Google has announced it is banning user edits to its Google Maps after admitting it can’t stop people from abusing the system. However the policy does not apply to Iran.
In April, the firm was forced to make some on-the-fly edits after a user noticed that someone had created a park in Pakistan in the shape of the company’s Android mascot robot urinating on an Apple Inc.
logo, the Register reports. Another user spotted a similar attack where someone had sketched out, “Google review policy is crap,” and the firm has now decided to take action.
“A strong user in our community chose to go and create a large scale prank on the Map,” said Pavithra Kanakarajan from the Google Map Maker team in a forum post. “As a consequence, we suspended auto-approval and user moderation across the globe, till we figured out ways to add more intelligent mechanisms to prevent such incidents. All of our edits are currently going through a manual review process.”
While manual editing appears to be solving the problem there’s no way Google’s engineers can keep up, he explained, and any new edits were just adding to a backlog of things that need to be checked. So no more edits will be accepted until Google has worked out how.

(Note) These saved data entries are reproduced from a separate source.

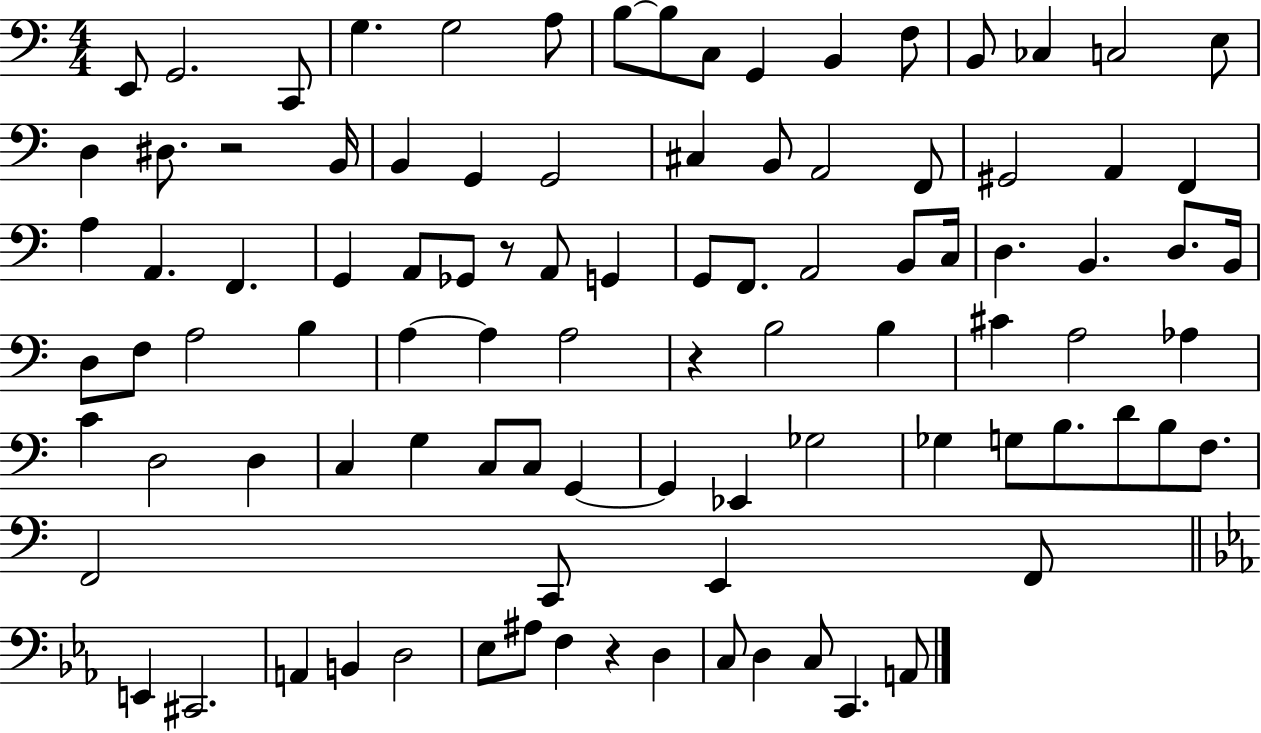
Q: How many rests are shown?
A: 4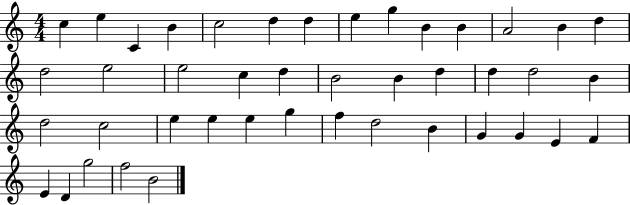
{
  \clef treble
  \numericTimeSignature
  \time 4/4
  \key c \major
  c''4 e''4 c'4 b'4 | c''2 d''4 d''4 | e''4 g''4 b'4 b'4 | a'2 b'4 d''4 | \break d''2 e''2 | e''2 c''4 d''4 | b'2 b'4 d''4 | d''4 d''2 b'4 | \break d''2 c''2 | e''4 e''4 e''4 g''4 | f''4 d''2 b'4 | g'4 g'4 e'4 f'4 | \break e'4 d'4 g''2 | f''2 b'2 | \bar "|."
}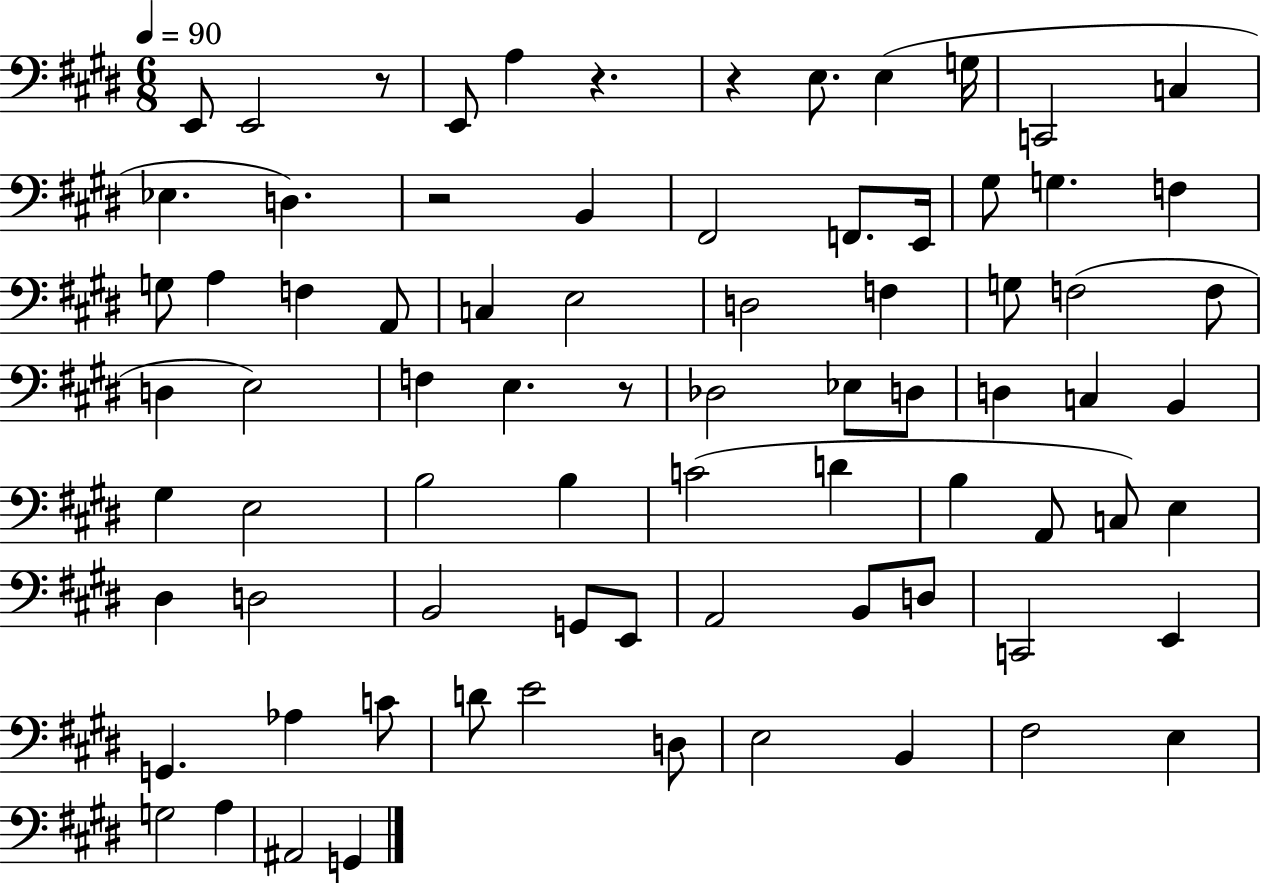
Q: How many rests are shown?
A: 5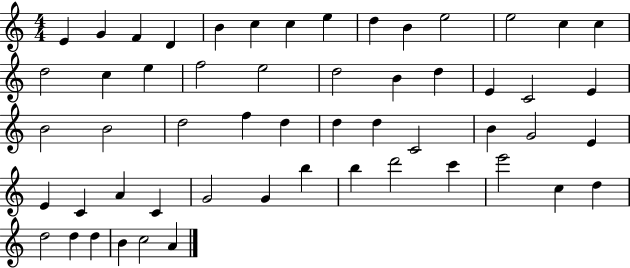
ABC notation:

X:1
T:Untitled
M:4/4
L:1/4
K:C
E G F D B c c e d B e2 e2 c c d2 c e f2 e2 d2 B d E C2 E B2 B2 d2 f d d d C2 B G2 E E C A C G2 G b b d'2 c' e'2 c d d2 d d B c2 A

“While this is a very difficult, short term decision, we think this will help us get to a better state faster,” Kanakarajan said.
“More importantly, we believe it is simply the right thing to do to all of you, our valued users who continue to edit with the hope that your changes might go live as fast as you’ve been used to.”
Google’s no-editing policy doesn’t apply to Iran. The Financial Tribune checked on the Map Maker online editing program and witnessed edits being added even as the newspaper went to print.
Iran’s mapping agency does not have a contract with Google and ultimately the site is entirely reliant upon local users with an interest in cartography to make edits.
The search engine’s wider policy may change again as the heat from this latest embarrassing hack dies down.